Yaroslav Halubchik is an artist from kyiv and has come here to help create an ad hoc art project, a kind of instant memorial.
“We call it ‘The Shevchenko Cure’ or ‘The Shevchenko Cure,'” he says.
Yaroslav climbs the ladder and begins to wrap a large gauze bandage around the giant head of the bust. As he does so, a man in a Ukrainian military uniform approaches and asks what he is doing.
Yaroslav explains that it is an artistic performance and the soldier seems satisfied. It turned out that he was worried that they were repairing that.
“In this case, it is vital that we keep this monument as it is now, it must not be touched,” says the soldier. He adds that it is especially important because of who Shevchenko was.
“This is really important, because we all know that Shevchenko and other Ukrainian poets were always enemies of Russia,” he explains. “I really hope people rebuild everything here the way it was, but we should keep this the way it is now.”
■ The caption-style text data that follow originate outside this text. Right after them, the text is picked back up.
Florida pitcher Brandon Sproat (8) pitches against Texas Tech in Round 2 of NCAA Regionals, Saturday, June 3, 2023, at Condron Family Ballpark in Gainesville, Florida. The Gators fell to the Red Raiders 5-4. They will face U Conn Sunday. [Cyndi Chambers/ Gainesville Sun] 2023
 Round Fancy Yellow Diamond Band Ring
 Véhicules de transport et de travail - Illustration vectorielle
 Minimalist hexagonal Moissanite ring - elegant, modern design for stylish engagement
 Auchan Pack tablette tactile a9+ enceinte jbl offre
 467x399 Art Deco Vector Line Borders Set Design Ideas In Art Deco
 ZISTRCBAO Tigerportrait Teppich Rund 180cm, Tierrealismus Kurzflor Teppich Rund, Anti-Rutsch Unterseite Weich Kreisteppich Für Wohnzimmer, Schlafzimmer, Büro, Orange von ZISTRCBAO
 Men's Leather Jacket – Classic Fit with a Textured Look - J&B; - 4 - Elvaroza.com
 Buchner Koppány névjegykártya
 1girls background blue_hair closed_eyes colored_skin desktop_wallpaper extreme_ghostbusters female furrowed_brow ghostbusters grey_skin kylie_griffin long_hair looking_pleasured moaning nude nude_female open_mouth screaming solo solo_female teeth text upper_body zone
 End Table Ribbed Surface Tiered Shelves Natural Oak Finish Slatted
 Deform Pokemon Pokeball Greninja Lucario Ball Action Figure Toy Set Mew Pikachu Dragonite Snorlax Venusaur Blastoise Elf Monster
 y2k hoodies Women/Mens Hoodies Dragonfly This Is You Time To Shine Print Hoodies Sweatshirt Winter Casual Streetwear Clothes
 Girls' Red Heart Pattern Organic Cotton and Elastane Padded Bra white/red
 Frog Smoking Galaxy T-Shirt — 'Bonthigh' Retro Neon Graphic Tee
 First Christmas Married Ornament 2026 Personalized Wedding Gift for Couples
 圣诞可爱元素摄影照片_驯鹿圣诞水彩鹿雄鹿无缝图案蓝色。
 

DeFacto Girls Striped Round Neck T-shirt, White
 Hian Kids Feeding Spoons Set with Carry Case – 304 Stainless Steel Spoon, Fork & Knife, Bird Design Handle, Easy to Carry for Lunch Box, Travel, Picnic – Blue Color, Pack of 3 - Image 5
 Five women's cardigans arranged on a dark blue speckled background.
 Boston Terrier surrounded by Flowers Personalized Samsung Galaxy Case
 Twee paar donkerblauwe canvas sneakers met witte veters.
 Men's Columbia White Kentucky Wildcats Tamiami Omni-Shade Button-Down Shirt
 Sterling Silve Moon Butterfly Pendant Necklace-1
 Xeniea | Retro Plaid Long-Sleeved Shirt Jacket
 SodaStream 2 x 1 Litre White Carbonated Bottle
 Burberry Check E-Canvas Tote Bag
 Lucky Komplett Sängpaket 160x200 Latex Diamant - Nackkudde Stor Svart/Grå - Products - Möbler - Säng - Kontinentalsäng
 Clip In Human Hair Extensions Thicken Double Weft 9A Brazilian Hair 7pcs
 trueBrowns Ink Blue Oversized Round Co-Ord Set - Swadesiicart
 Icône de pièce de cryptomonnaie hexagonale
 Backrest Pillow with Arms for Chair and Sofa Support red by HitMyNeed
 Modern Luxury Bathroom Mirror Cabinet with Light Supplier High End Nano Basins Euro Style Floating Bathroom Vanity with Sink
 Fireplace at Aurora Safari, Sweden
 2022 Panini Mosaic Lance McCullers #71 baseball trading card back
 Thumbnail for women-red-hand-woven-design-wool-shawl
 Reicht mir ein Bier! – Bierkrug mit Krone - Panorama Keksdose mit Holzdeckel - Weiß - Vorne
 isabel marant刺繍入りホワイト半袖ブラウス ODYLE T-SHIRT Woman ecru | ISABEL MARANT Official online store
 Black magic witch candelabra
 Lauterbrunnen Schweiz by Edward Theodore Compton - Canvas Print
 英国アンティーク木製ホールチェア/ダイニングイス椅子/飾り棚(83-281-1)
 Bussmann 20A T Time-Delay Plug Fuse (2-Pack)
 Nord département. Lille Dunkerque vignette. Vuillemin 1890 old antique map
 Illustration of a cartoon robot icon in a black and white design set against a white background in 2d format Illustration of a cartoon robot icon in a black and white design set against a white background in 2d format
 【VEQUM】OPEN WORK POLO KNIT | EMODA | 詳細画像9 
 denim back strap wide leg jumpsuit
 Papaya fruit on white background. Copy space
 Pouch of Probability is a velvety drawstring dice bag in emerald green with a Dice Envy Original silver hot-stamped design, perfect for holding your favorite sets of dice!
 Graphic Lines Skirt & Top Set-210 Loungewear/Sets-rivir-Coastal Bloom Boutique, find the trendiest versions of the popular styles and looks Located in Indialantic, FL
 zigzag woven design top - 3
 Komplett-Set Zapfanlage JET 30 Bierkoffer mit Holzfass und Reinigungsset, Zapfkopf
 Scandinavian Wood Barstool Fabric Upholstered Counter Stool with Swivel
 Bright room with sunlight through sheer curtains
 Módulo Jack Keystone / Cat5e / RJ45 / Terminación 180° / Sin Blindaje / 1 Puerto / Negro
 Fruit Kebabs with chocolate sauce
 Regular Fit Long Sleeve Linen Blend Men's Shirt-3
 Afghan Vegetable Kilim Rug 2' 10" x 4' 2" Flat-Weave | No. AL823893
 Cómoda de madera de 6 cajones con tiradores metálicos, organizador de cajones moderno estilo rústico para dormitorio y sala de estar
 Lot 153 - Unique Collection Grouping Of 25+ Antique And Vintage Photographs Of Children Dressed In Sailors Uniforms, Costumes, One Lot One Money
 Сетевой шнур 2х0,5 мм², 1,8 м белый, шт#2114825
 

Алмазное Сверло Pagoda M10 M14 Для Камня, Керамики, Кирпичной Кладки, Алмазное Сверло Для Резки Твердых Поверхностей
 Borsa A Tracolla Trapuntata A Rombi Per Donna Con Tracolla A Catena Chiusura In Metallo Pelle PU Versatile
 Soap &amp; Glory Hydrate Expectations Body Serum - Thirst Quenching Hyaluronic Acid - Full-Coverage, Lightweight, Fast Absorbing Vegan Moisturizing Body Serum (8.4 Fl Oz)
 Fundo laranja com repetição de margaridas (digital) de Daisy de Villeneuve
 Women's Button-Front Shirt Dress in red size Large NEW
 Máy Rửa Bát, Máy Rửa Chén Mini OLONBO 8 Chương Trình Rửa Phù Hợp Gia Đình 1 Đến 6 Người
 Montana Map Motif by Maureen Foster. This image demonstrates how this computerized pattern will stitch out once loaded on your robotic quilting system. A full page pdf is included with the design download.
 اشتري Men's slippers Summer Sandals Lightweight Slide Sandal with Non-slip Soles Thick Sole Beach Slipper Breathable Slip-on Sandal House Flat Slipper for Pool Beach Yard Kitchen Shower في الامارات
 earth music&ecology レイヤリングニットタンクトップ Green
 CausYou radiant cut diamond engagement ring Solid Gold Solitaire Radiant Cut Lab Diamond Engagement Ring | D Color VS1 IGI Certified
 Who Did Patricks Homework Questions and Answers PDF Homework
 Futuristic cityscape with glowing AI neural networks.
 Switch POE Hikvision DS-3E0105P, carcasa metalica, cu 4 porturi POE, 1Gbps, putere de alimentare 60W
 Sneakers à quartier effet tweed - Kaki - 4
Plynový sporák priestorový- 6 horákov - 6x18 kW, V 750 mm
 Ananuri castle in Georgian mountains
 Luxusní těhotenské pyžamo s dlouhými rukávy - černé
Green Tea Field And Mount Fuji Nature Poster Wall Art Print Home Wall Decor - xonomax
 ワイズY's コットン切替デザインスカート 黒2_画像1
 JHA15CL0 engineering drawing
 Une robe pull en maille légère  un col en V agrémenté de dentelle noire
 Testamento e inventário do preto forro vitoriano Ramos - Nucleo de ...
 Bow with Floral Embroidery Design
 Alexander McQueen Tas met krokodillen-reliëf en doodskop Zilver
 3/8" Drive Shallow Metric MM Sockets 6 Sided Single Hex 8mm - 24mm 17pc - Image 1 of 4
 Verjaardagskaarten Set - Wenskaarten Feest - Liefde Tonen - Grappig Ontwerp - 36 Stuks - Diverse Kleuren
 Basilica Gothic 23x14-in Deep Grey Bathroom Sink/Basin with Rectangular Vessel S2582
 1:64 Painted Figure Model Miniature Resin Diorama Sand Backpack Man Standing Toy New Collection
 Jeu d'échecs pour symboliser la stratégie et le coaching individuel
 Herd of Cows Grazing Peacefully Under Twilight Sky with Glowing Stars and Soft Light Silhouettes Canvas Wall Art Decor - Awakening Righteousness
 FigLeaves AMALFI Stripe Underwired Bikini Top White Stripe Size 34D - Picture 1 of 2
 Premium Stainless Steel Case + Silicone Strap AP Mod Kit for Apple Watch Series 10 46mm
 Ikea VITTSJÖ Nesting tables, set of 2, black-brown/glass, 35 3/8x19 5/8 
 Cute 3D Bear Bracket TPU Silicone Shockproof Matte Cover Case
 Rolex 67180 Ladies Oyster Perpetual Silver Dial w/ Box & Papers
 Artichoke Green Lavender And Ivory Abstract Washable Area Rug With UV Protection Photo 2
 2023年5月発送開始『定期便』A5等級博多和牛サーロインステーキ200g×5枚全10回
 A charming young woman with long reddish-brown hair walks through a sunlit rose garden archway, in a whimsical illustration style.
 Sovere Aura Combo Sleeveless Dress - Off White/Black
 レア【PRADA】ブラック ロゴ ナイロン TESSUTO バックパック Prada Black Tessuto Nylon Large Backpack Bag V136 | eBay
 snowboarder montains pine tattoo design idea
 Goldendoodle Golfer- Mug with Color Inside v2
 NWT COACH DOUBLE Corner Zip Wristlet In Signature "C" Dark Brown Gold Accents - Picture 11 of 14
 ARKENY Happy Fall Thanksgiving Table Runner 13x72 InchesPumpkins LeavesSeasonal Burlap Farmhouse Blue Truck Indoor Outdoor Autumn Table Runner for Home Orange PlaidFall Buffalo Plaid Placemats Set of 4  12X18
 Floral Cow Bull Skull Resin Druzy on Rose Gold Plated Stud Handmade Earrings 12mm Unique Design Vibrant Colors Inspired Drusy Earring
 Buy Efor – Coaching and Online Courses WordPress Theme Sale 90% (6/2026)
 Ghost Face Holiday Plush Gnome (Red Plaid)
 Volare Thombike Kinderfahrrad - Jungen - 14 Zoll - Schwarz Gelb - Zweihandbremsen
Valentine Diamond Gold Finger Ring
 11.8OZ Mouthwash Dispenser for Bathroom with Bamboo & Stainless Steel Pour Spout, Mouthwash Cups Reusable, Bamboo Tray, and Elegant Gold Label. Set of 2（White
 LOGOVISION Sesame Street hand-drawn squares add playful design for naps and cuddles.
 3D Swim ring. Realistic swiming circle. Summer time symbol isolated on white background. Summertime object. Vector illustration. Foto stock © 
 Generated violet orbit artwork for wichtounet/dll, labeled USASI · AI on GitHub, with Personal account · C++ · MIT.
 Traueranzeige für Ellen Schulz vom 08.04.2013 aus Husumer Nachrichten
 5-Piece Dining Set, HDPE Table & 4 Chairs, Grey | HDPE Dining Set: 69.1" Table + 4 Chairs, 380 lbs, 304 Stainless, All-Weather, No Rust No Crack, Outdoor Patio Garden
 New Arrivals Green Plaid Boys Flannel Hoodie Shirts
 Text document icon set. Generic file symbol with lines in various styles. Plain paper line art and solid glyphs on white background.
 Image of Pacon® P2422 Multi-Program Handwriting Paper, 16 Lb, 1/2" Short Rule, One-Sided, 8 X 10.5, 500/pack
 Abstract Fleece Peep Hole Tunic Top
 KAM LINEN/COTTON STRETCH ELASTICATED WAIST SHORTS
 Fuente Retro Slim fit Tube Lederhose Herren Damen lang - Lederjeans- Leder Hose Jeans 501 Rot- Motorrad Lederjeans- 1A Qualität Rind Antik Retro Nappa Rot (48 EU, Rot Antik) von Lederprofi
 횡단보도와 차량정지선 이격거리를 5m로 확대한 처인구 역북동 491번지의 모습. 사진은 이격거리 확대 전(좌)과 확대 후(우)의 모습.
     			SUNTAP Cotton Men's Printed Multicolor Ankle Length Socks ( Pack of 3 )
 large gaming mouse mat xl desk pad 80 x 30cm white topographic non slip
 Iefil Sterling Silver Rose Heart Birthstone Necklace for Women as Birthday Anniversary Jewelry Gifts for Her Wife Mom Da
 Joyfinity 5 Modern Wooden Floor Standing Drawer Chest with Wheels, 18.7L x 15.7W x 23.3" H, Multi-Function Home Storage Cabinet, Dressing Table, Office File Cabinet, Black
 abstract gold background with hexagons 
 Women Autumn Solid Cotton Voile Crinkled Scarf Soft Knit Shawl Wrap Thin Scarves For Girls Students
We ask for your name. This is Yevhen Nyshchuk, the former Minister of Culture of Ukraine. He is in the army now and has his base near him.
We keep going down the main street. Building after building has collapsed under the bombardment of tanks and rockets.
In the nearby town of Bucha, bodies were found in the street. Here, with so many collapsed structures, the concern is that bodies are still trapped below.
Multiple cranes carefully pick up debris as recovery teams search for debris. There is a playground in front of one of the buildings and a woman is sitting on a bench next to a slide, watching the reclamation work.
Her name is Ludmila Boiko.
“My sister and her son used to live here. This is what’s left of them,” he says, pointing to a stack of old notebooks. “His mother kept his old notebooks from school.”
Ludmila found them scattered among the rubble of the apartment building. That and some photos, she says, are the only things she has found.
Ludmila’s sister, Olyna Vahnenko, was 56 years old. Her nephew, Yuri, was 24 years old. He had just graduated from college.
They had left their apartment and sought refuge. But on March 1, during a break in shelling and shelling, Olena and Yuri returned. Ludmila says that they spoke on the phone and Olyna said that they had been able to take a shower and eat something.
An hour later, Russian forces destroyed the building.
“Our friends were trying to help us, but for four days there was a big fire here,” says Ludmila. “So first they were trying to fight the fire. They didn’t get a chance to dig right away.”
When the fire stopped, people started looking for survivors. Then the shelling started again and they had to flee.
After that, he says, the Russian forces were stationed here and no one was able to get close to the building.
The search could not be resumed until a month after the attack. So Ludmila sat down and waited.
“I just want to see how they discover all the bodies that they assume should be there, and then I would probably like to do something like a DNA test because I want to know for sure what happened,” he says.
“I was so close to them that I don’t even know how I should live now. How should I live in this place?”
The crane continues to slowly remove debris from a collapsed building.
Soon, the workers discover the body of a woman. Ludmila climbs up to the rubble heap to look.
The body is removed, covered and placed next to three others found that same day.
Ludmila returns to the playground and sits down, continuing her vigil.